Heart failure — does ejection fraction hold any relevance?

The recent revelation of the potential of two new groups of drugs viz. angiotensin receptor neprilysin inhibitors (ARNI) and sodium glucose transporter-2 (SGLT-2) inhibitors, with their repertoire extending beyond the thresholds of left ventricular ejection fraction (LVEF), has raised a new conundrum — is LVEF a holy grail in the management of heart failure (HF). The EMPEROR-Preserved trial [1] of SGLT-2 inhibitors, presented recently at the European Cardiology Congress, met its composite primary end-point, even in patients with normal ejection fraction (EF), thus mirroring its role in patients of HF with impaired EF, as was demonstrated in the EMPEROR-Reduced trial [2]. This has led to a view point that even though LVEF may be an important parameter to consider for device therapy, it has very little relevance for choosing drugs for medical management of HF.
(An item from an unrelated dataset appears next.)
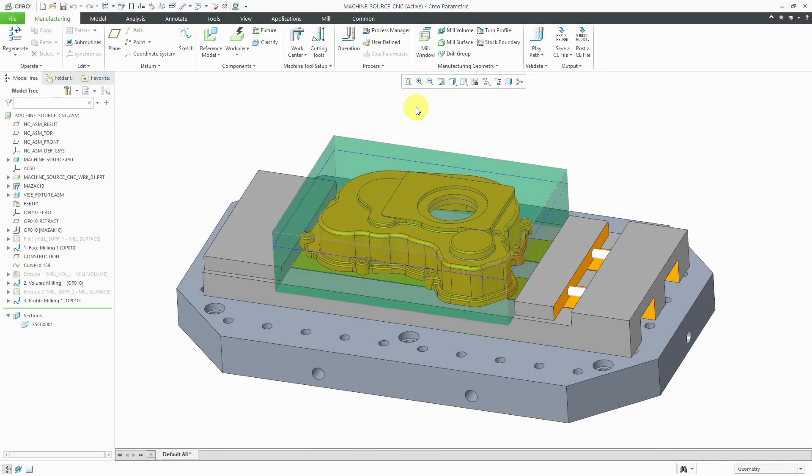Let's continue with milling in Creo Parametric. I started my first operation for this side and created a face milling, volume milling, and profile milling sequence.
Even in a surgical cohort, HF was found to be a more important and valid prognosticator for outcomes than EF. In a population-based retrospective cohort study from Canada looking at 40,083 patients undergoing Coronary Artery Bypass Graft (CABG) surgery, Sun et al. [3] found 30-day mortality to be higher at 3.3% in patients with HF, despite preserved EF, as compared to reduced EF but no HF (1.3%). After adjustment of all confounders, the hazard ratio (HR) for reduced EF without HF, preserved EF with HF (HFpEF) and reduced EF with HF (HFrEF) were 1.56 (95% CI, 1.23–1.97); 2.60 (95 CI, 1.98–3.40) and 3.92 (95%, CI, 3.15–4.90), respectively, compared with those with no HF and preserved EF (ref. Fig. 1). This prognostic value of HF was reflected in the long-term results too. In patients with preserved EF, heart failure portended a three-fold higher mortality than without HF (ref. Fig. 2).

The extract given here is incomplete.